(Caption-style text data)
****

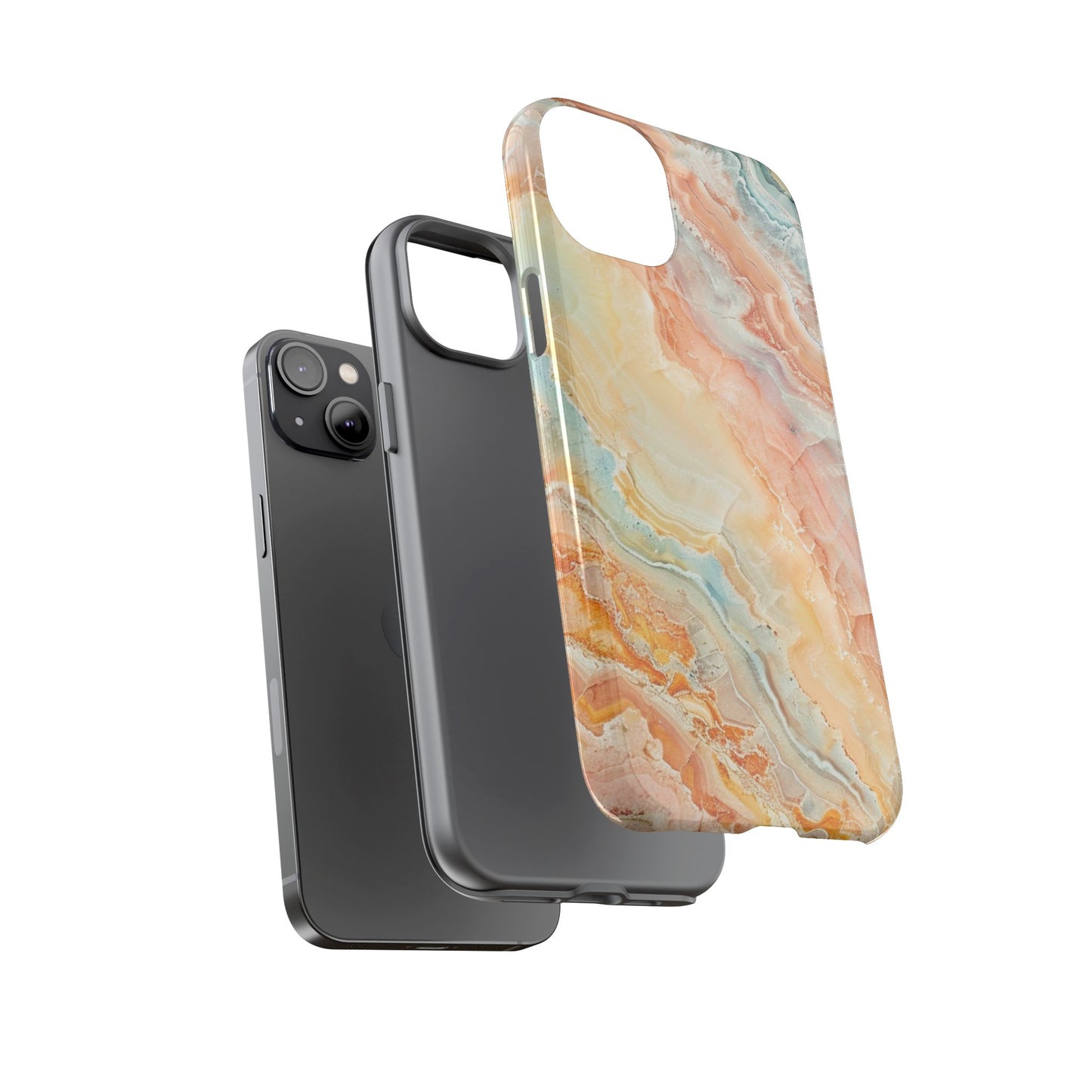 Orange Pastel Marble - Tough Cases With Soft Lining For iPhone 16 to 14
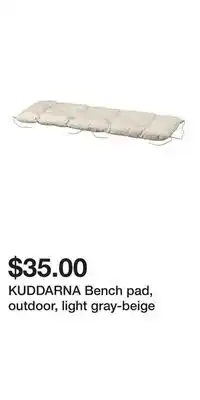 IKEA KUDDARNA Bench pad, outdoor, light gray-beige offer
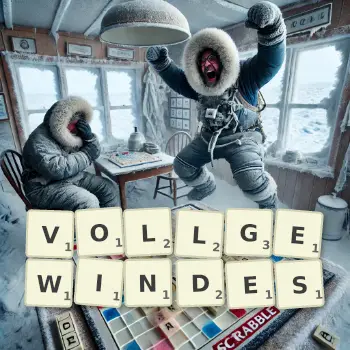 Kreative Illustration für ein Scrabble-Spiel, bei dem das Wort VOLLGEWINDES mit Steinen auf dem Brett gelegt wurde.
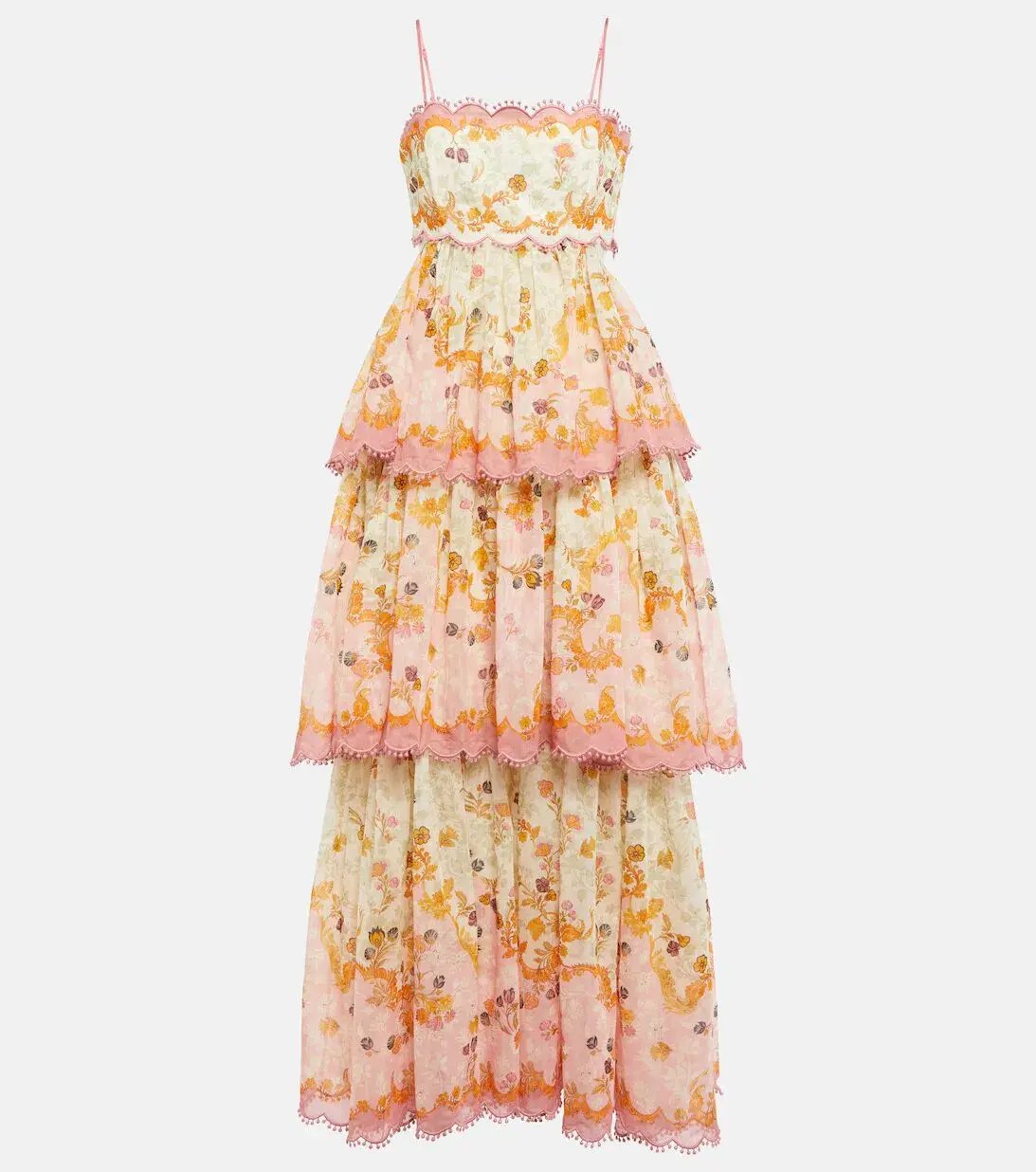 Zimmerman Laurel Frill Midi Dress In Pink Green Floral Size 1/Au 10 photo 4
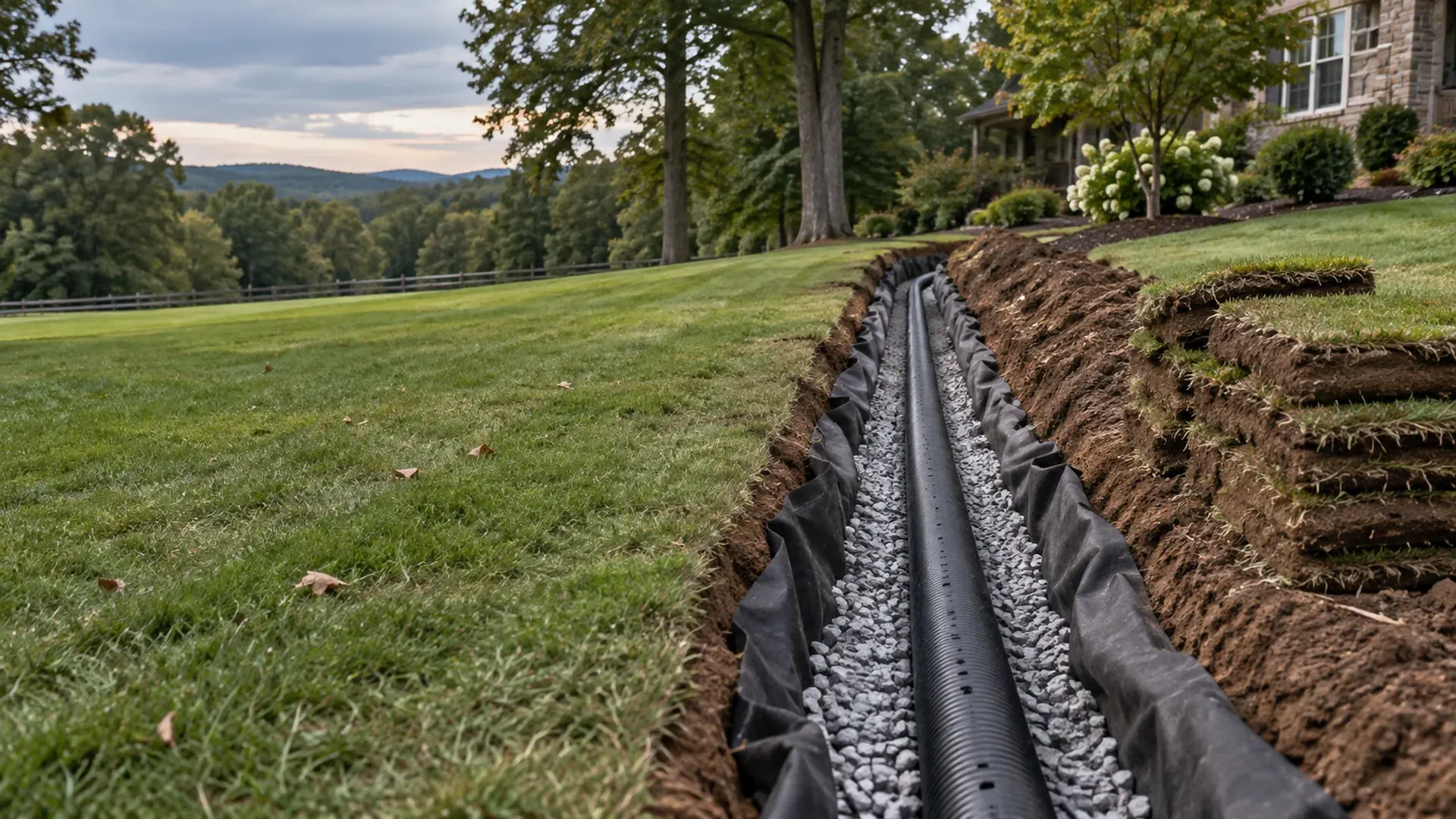 An open French drain trench across a lawn with washed gravel, filter fabric and a perforated pipe, neatly cut sod stacked beside it.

****

**TASK GOAL:** Look for the line that contains "Zimmerman Laurel Frill", then please copy it and the rest of the lines through the end of the data, pictures excluded.

**SOLUTION BELOW:**
 Zimmerman Laurel Frill Midi Dress In Pink Green Floral Size 1/Au 10 photo 4
 An open French drain trench across a lawn with washed gravel, filter fabric and a perforated pipe, neatly cut sod stacked beside it.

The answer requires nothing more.